**Problem description**: Retype the whole listing, please, keeping every line exact and dropping the pictures.

**Material provided**:
****************************************

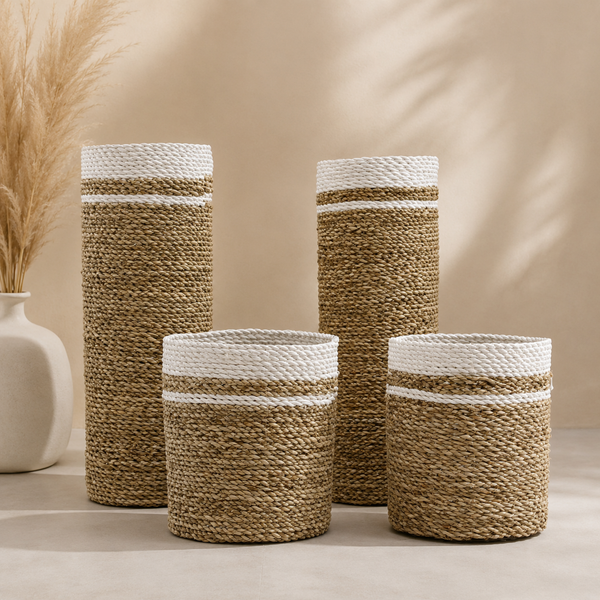 Ensemble vase et poubelles en jonc de mer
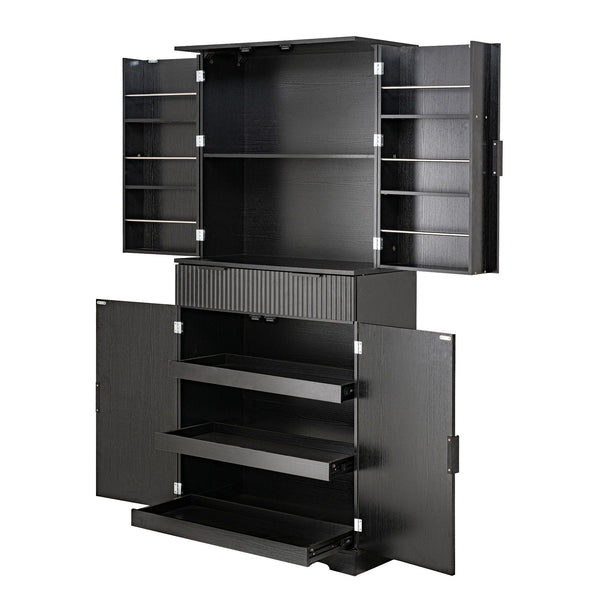 Fluted Kitchen Pantry Cabinet With 3 Keyboard Drawers & 6 Door Shelves Adjustable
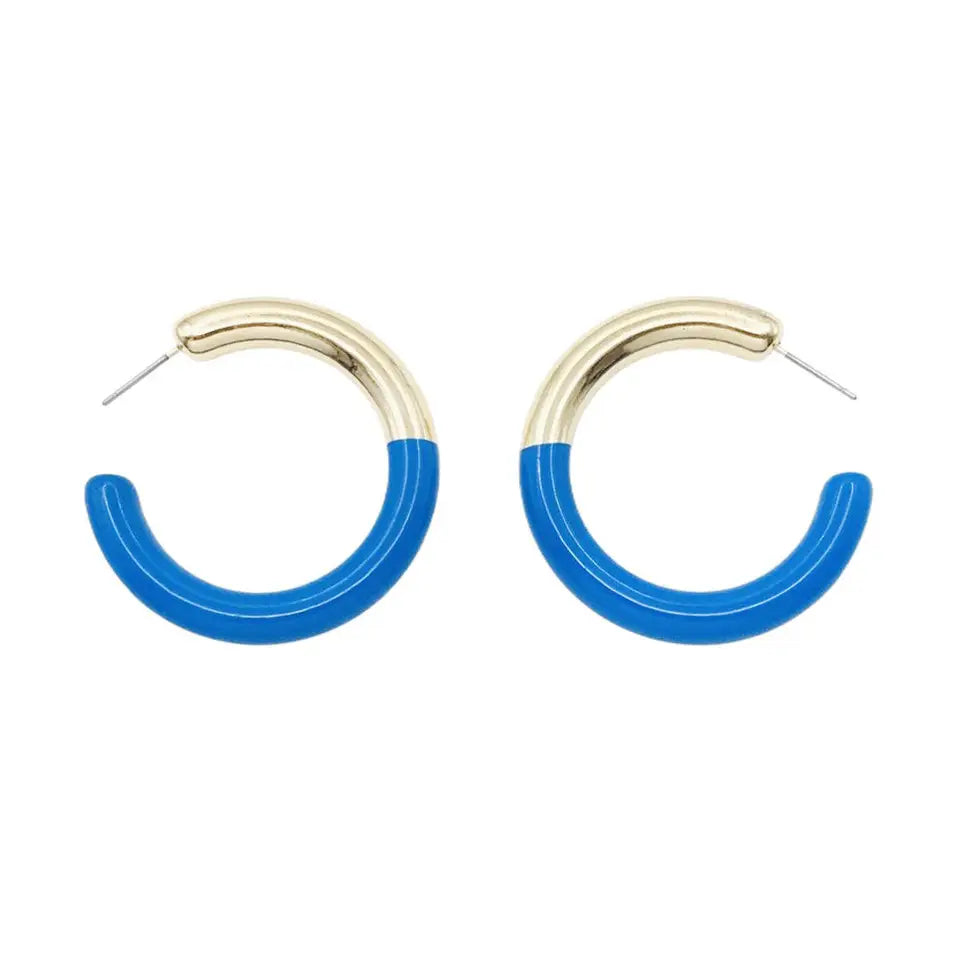 Gold Hoop with Blue Acrylic Gameday 2" Hoop Earring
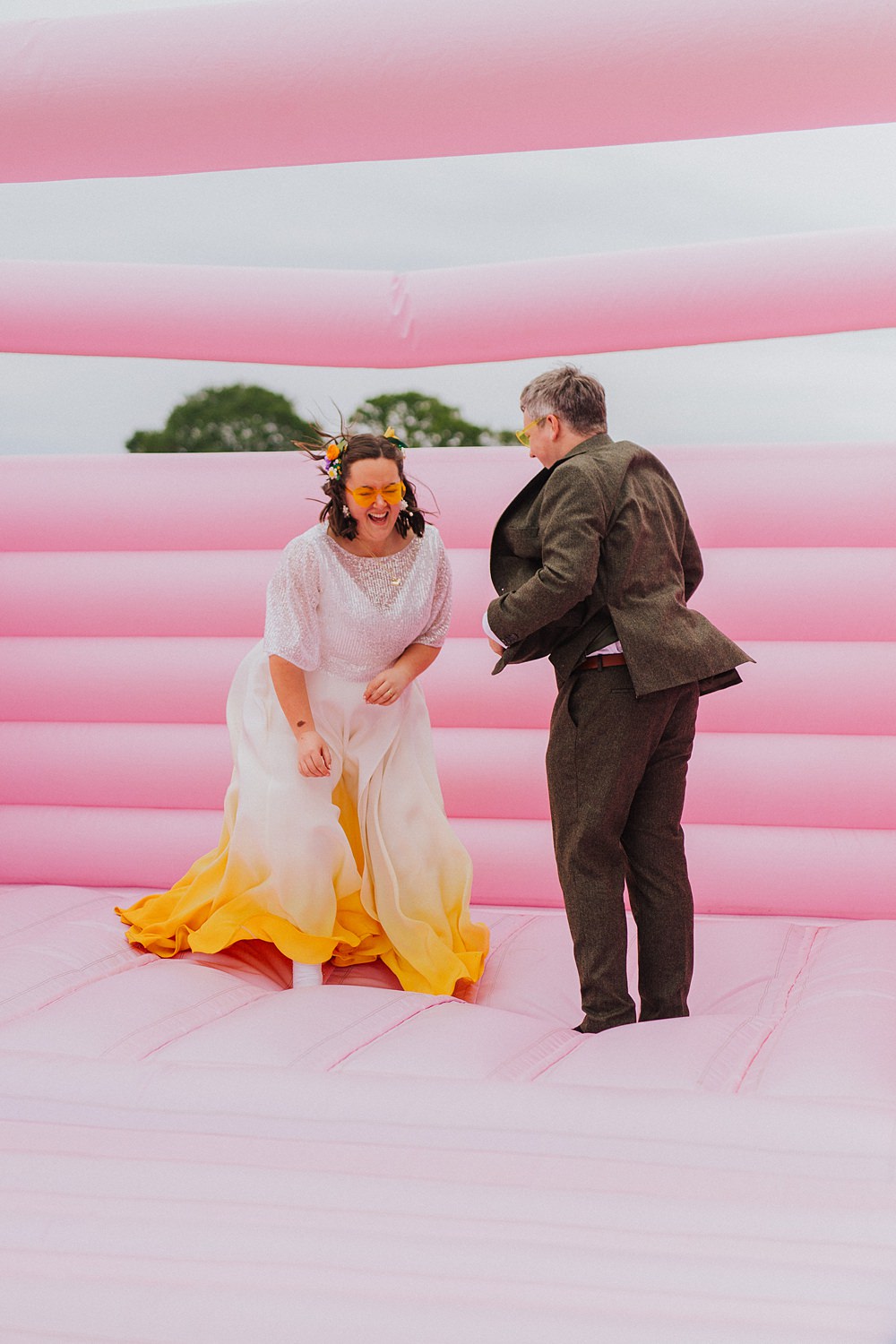 Colourful DIY Tipi Garden Wedding Lily North Photography Bouncy Castle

****************************************

**Exercise answer**:
 Ensemble vase et poubelles en jonc de mer
 Fluted Kitchen Pantry Cabinet With 3 Keyboard Drawers & 6 Door Shelves Adjustable
 Gold Hoop with Blue Acrylic Gameday 2" Hoop Earring
 Colourful DIY Tipi Garden Wedding Lily North Photography Bouncy Castle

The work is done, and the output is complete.